105 A. 354 | Conn. | 1918
The court did not err in charging the jury, in substance, that the defendant was not, as a matter of law, required by §§ 1534 and 1538 of the General Statutes, to reduce his speed or blow his horn, under the circumstances of this case; but that the question for the jury to consider was whether, in the exercise of reasonable care, he ought to have done so. Nor was it error for the court to recall the jury and instruct them that the plaintiff could not recover for any act of negligence not set up in the complaint.
The third assignment of error, relating to that portion of the charge above quoted, seems to be well taken. *102 It is true, as the court points out, that the only importance of the alleged intoxication of the deceased was that, if true, it strengthened the probability of the defendant's claim that the plaintiff staggered out in front of the defendant's automobile.
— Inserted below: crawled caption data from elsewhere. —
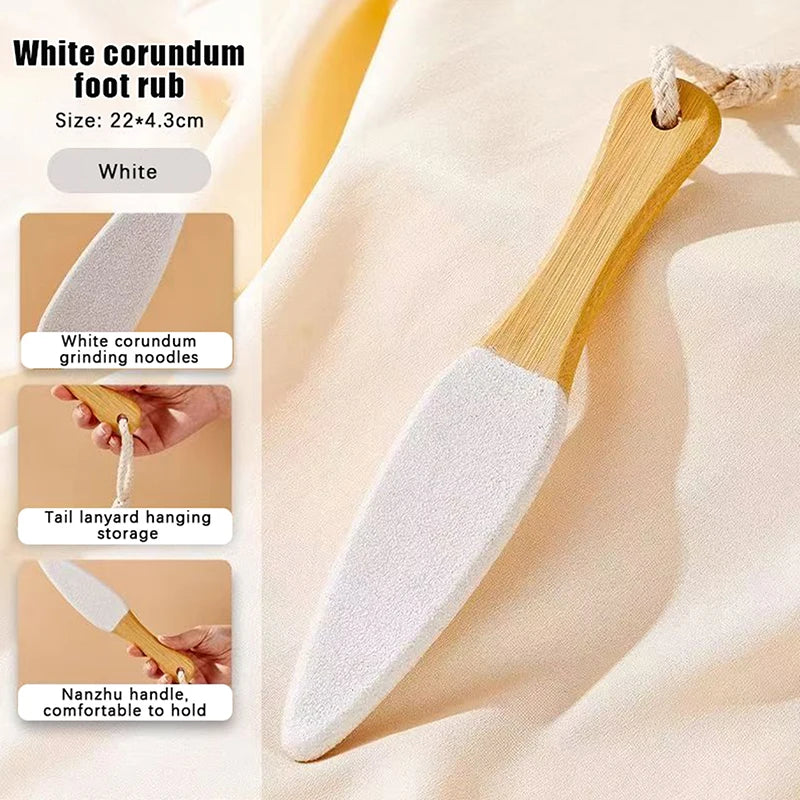 Callus Remover Foot Scrubber Colossal File Care Exfoliation Rasp Qme Pointed White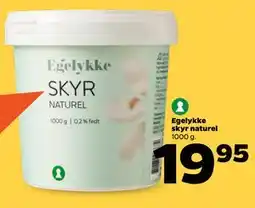 Netto Egelykke skyr naturel tilbud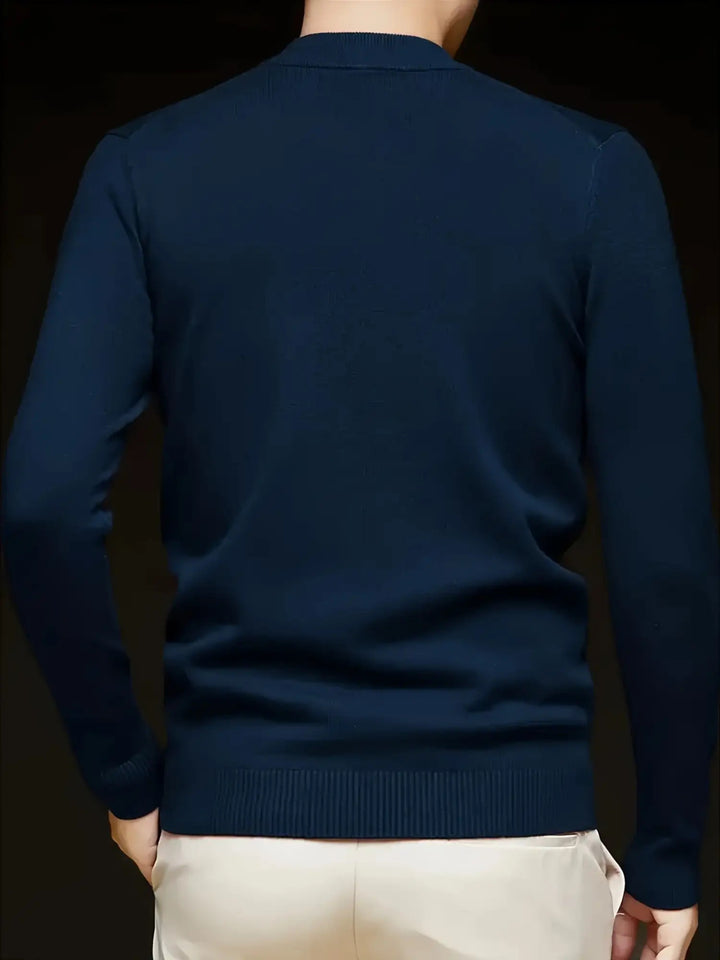 Emmett | Refined Mock Neck Sweater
In that connection it was of great importance, and the court was in error in saying that the question was whether the plaintiff had shown the jury by a fair preponderance of evidence that the deceased was not intoxicated. Intoxication is not negligence per se, and it was therefore no part of the plaintiff's case to show that the deceased was not intoxicated at the time. Intoxication, in this case, was simply an alleged fact which the defendant sought to prove because it tended to confirm his version of the accident, and by attempting to prove it the defendant volunteered to prove it by a fair preponderance of all the evidence bearing on that particular fact.
There is error and a new trial is ordered.
In this opinion the other judges concurred.